### EXERCISE INSTRUCTIONS
Taking the listing below line by line, tally those that contain the string "Bedroom". Give the total alone.

### EXTRACTED MATERIAL
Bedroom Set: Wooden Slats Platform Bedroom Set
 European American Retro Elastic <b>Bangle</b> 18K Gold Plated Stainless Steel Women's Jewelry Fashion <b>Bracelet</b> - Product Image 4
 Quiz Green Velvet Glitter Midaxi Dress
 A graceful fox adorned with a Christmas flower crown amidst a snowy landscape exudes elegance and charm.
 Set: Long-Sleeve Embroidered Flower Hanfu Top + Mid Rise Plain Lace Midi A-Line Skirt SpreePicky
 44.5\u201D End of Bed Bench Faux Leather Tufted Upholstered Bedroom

### SOLVED PROBLEM
2